Ranjit Kadan, a food technologist at the US government's Agricultural Research Service (ARS), experimented until he found the best rice cultivar and flour particle size for the wholegrain bread.
Research is still ongoing to find the optimal bread machine conditions, reports Kadan, for kneading and baking the wholegrain bread dough but initial results suggest the ingredients could be a viable alternative to wheat, rye and barley grains.
His latest research joins recent developments in this area that saw food scientists in Ireland last month announcing they had improved the quality of gluten-free bread through a combination of potato starch and rice flour.
Eimear Gallagher, who led the research at Ireland's Teagasc National Food Centre, said the combination bettered the taste, texture and volume of the bread.
Two hydrocolloids, xanthan gum and HPMC, a derivative of cellulose, were also used to help bind the other ingredients together, mainly because of their strong water binding abilities.

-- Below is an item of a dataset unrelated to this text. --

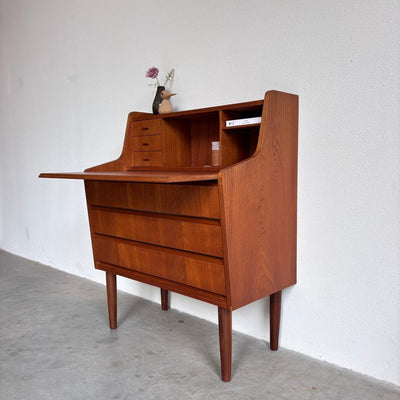 
                  
                    Vintage secretaire teak greeploos - LOUI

The project was completed in tandem with similar research into other gluten-free baked goods, including pizza bases, at Ireland's University College Cork.
And scientists on both sides of the Atlantic are currently focusing on the kernels of food-grade sorghum, aiming to bring this gluten-free grain, little used in food formulations - into mainstream foods products such as breads, biscuits, pizza crusts and noodles.

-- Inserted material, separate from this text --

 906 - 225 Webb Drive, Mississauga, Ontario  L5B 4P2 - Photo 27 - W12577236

"We are working on identifying the chemical reasons behind why certain sorghum hybrids are of much better quality - crumb grain, texture of bread - than others," Scott Bean, lead researcher on the project recently told FoodNavigator.com.
While the gluten-free aspect of sorghum is a key thrust behind the ARS research, crop prices are also in the equation. Sorghum - also called milo - is a much cheaper crop compared to recent market prices for wheat, soy and maize. If the technologists succeed in designing new characteristics for food formulations, the hardier sorghum crop could become a cheaper source for alternative ingredients to wheat, already the case for the animal feed market.

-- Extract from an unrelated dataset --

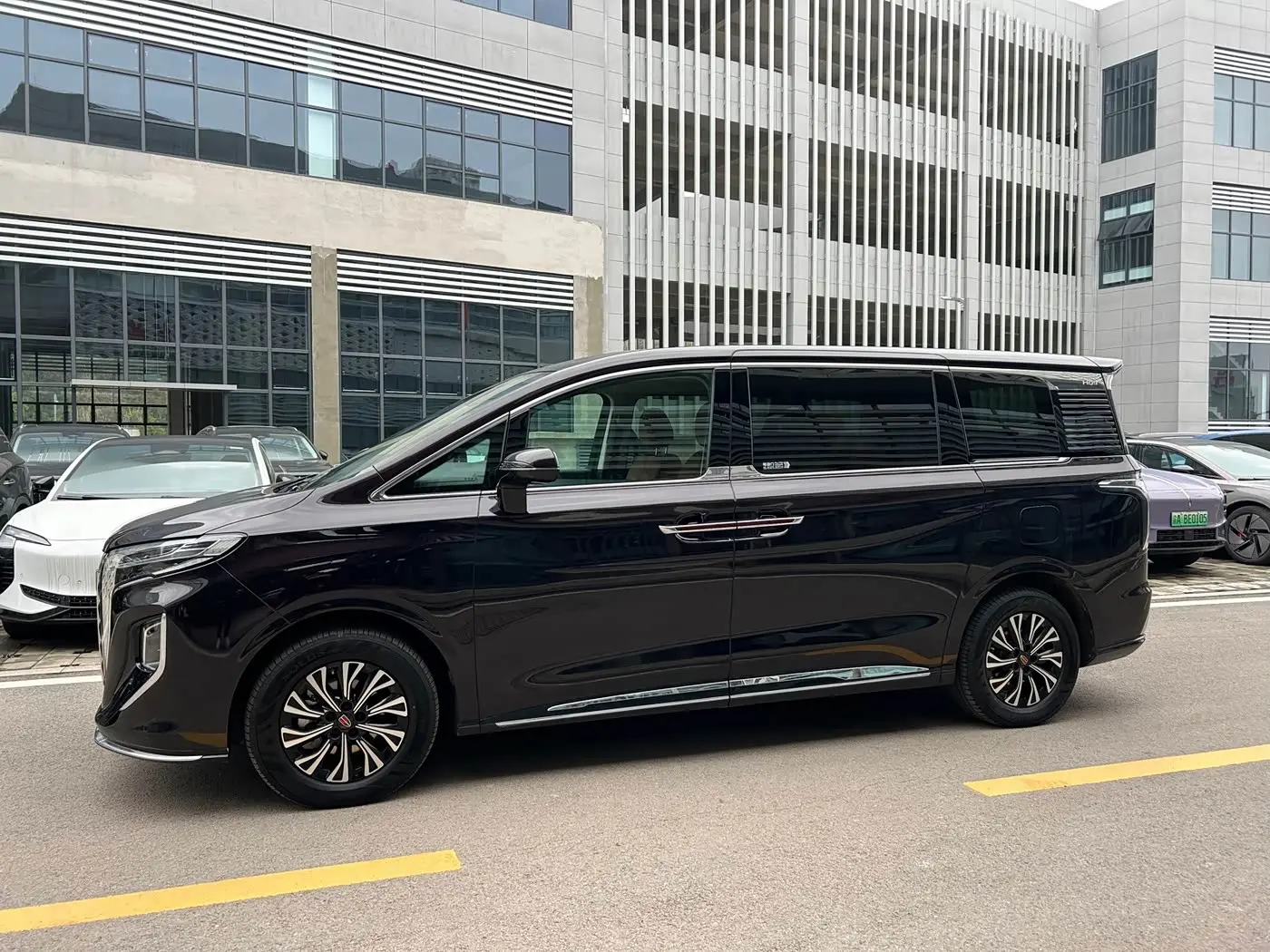 Hongqi HQ9 PHEV 2024 — Şəkil 13/16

In 2004 Europe imported 1.5 million tonnes of the grain, a figure that compares to a mere 12,000 tonnes recorded in 2003.
With approximately 60 million tonnes grown annually in the world, the easy to grow, resilient sorghum crop is primarily produced in Africa - 21 million tonnes - followed by North America with 16 million and Asia with 11 million tonnes. Europe has a meagre share with 700,000 tonnes in total grown, spread largely between France and Italy.